___ Stored data

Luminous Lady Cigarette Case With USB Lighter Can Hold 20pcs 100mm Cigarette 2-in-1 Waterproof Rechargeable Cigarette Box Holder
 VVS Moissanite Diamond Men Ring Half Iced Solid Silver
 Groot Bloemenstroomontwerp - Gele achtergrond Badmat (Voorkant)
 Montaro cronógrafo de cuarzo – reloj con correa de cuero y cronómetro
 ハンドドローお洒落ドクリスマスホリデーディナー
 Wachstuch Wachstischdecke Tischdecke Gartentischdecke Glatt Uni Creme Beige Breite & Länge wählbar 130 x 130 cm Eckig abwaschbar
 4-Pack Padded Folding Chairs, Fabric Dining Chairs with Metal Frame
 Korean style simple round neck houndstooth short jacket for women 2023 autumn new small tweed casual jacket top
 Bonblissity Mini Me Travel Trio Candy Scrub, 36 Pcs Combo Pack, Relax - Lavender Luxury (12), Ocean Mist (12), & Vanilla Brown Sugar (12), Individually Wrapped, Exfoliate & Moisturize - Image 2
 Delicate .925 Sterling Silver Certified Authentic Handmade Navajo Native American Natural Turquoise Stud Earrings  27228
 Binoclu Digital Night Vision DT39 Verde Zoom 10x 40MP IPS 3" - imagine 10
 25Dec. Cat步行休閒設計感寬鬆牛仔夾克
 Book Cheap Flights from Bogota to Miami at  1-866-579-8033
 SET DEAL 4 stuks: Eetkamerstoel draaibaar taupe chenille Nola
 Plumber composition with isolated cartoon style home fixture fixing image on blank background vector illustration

______

How to complete this task →
Check each line above for the word "style" and copy the ones that have it.

Answer section →
 Korean style simple round neck houndstooth short jacket for women 2023 autumn new small tweed casual jacket top
 Plumber composition with isolated cartoon style home fixture fixing image on blank background vector illustration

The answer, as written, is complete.